* [Task requirements] Of all the entries below, retype only the lines from the one with "2048x1152 The 6" through the one with "Nhà nguyên căn", exactly as they appear.
Records for the exercise START
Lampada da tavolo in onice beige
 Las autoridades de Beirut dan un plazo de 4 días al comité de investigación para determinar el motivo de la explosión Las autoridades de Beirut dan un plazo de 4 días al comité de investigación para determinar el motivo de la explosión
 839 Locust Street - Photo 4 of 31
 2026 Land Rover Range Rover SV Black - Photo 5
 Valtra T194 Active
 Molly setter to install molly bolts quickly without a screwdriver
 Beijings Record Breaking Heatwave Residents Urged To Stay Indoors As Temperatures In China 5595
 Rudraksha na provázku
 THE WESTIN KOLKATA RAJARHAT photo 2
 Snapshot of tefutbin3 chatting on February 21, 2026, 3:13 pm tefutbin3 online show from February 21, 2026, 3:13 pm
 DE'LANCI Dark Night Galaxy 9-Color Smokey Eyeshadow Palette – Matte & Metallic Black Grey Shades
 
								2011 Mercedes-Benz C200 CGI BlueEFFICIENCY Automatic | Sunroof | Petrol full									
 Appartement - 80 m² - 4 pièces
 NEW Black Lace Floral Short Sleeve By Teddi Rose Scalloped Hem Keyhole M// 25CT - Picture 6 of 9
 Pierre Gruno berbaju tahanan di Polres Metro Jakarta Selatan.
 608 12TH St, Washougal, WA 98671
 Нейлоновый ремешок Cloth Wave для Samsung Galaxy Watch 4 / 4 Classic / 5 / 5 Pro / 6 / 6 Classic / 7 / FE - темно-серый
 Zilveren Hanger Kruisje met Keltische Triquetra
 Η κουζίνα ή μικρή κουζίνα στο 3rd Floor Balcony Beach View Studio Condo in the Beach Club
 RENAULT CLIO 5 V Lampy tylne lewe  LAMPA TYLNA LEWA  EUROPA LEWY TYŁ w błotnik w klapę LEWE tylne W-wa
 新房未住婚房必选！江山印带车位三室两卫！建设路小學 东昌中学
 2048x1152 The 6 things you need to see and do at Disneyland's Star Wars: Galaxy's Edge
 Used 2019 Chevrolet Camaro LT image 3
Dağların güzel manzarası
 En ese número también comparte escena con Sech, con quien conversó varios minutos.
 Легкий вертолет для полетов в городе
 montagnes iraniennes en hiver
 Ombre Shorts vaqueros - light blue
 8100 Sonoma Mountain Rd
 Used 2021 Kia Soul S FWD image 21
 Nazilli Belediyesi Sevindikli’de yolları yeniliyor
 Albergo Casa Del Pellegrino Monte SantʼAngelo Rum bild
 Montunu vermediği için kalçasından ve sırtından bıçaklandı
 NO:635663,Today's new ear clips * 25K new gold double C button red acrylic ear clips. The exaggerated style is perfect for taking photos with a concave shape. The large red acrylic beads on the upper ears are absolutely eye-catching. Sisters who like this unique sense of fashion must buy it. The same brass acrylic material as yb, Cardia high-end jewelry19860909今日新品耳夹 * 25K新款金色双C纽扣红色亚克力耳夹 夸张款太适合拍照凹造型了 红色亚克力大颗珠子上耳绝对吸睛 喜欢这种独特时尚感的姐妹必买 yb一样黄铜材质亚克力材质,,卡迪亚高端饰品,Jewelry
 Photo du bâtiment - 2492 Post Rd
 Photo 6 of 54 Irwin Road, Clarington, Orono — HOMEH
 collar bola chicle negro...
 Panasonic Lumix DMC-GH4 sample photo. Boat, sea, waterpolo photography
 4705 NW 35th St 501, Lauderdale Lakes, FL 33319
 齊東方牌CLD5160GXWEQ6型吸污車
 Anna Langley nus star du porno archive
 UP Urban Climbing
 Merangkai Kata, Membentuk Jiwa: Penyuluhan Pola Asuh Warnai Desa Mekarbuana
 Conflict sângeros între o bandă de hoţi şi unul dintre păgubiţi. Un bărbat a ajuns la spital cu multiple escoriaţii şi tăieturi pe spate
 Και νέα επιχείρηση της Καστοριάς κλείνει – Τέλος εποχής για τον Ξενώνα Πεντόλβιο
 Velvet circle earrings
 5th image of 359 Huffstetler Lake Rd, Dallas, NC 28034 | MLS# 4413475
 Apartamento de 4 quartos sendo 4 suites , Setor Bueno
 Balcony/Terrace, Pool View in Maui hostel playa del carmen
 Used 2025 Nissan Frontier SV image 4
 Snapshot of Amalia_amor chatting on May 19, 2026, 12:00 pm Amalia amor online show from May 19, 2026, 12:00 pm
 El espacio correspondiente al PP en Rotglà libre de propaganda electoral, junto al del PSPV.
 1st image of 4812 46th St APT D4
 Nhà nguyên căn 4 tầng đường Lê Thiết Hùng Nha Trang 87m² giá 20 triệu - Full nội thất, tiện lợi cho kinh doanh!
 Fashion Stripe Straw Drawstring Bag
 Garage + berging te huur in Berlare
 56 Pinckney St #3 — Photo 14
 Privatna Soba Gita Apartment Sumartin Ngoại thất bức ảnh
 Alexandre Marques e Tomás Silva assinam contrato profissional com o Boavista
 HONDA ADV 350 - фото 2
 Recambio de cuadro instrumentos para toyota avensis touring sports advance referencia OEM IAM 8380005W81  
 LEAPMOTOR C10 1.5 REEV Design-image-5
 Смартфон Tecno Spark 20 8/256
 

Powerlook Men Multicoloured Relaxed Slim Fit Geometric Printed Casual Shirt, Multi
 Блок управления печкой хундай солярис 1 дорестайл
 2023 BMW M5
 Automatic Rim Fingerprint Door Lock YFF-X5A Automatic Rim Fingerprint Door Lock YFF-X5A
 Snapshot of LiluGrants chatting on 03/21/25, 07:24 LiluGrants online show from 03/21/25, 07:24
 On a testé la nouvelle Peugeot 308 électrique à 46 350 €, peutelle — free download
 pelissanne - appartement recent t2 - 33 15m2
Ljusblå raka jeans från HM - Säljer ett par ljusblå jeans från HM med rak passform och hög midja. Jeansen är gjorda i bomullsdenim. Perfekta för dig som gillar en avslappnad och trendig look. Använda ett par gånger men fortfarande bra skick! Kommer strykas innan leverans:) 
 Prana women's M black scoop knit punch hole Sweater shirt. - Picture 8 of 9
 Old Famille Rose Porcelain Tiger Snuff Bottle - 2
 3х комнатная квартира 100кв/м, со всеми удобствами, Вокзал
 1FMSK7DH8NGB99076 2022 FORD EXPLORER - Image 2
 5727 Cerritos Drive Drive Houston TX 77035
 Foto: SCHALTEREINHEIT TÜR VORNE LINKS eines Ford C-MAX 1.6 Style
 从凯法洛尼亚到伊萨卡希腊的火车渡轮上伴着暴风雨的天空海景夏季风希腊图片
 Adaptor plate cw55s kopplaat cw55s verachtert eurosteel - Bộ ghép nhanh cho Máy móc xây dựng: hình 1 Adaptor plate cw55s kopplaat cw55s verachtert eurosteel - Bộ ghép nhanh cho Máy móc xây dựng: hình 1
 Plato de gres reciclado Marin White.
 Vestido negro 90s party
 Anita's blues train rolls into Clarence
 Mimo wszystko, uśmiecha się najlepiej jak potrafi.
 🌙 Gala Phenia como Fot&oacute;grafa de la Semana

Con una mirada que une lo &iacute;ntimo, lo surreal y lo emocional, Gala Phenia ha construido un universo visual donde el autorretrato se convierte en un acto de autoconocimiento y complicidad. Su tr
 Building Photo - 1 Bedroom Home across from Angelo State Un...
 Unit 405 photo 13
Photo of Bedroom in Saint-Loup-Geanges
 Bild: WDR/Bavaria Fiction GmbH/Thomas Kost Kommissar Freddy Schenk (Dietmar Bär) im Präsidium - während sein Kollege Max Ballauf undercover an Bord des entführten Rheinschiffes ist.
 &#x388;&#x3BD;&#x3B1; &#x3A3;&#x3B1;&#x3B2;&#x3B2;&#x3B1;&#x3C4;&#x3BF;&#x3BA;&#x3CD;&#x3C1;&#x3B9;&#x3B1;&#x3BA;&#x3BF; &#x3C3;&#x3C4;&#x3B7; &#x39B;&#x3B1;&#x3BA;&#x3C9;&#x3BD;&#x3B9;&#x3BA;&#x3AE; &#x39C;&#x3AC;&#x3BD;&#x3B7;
Records for the exercise END
* [Result for this task]
 2048x1152 The 6 things you need to see and do at Disneyland's Star Wars: Galaxy's Edge
 Used 2019 Chevrolet Camaro LT image 3
Dağların güzel manzarası
 En ese número también comparte escena con Sech, con quien conversó varios minutos.
 Легкий вертолет для полетов в городе
 montagnes iraniennes en hiver
 Ombre Shorts vaqueros - light blue
 8100 Sonoma Mountain Rd
 Used 2021 Kia Soul S FWD image 21
 Nazilli Belediyesi Sevindikli’de yolları yeniliyor
 Albergo Casa Del Pellegrino Monte SantʼAngelo Rum bild
 Montunu vermediği için kalçasından ve sırtından bıçaklandı
 NO:635663,Today's new ear clips * 25K new gold double C button red acrylic ear clips. The exaggerated style is perfect for taking photos with a concave shape. The large red acrylic beads on the upper ears are absolutely eye-catching. Sisters who like this unique sense of fashion must buy it. The same brass acrylic material as yb, Cardia high-end jewelry19860909今日新品耳夹 * 25K新款金色双C纽扣红色亚克力耳夹 夸张款太适合拍照凹造型了 红色亚克力大颗珠子上耳绝对吸睛 喜欢这种独特时尚感的姐妹必买 yb一样黄铜材质亚克力材质,,卡迪亚高端饰品,Jewelry
 Photo du bâtiment - 2492 Post Rd
 Photo 6 of 54 Irwin Road, Clarington, Orono — HOMEH
 collar bola chicle negro...
 Panasonic Lumix DMC-GH4 sample photo. Boat, sea, waterpolo photography
 4705 NW 35th St 501, Lauderdale Lakes, FL 33319
 齊東方牌CLD5160GXWEQ6型吸污車
 Anna Langley nus star du porno archive
 UP Urban Climbing
 Merangkai Kata, Membentuk Jiwa: Penyuluhan Pola Asuh Warnai Desa Mekarbuana
 Conflict sângeros între o bandă de hoţi şi unul dintre păgubiţi. Un bărbat a ajuns la spital cu multiple escoriaţii şi tăieturi pe spate
 Και νέα επιχείρηση της Καστοριάς κλείνει – Τέλος εποχής για τον Ξενώνα Πεντόλβιο
 Velvet circle earrings
 5th image of 359 Huffstetler Lake Rd, Dallas, NC 28034 | MLS# 4413475
 Apartamento de 4 quartos sendo 4 suites , Setor Bueno
 Balcony/Terrace, Pool View in Maui hostel playa del carmen
 Used 2025 Nissan Frontier SV image 4
 Snapshot of Amalia_amor chatting on May 19, 2026, 12:00 pm Amalia amor online show from May 19, 2026, 12:00 pm
 El espacio correspondiente al PP en Rotglà libre de propaganda electoral, junto al del PSPV.
 1st image of 4812 46th St APT D4
 Nhà nguyên căn 4 tầng đường Lê Thiết Hùng Nha Trang 87m² giá 20 triệu - Full nội thất, tiện lợi cho kinh doanh!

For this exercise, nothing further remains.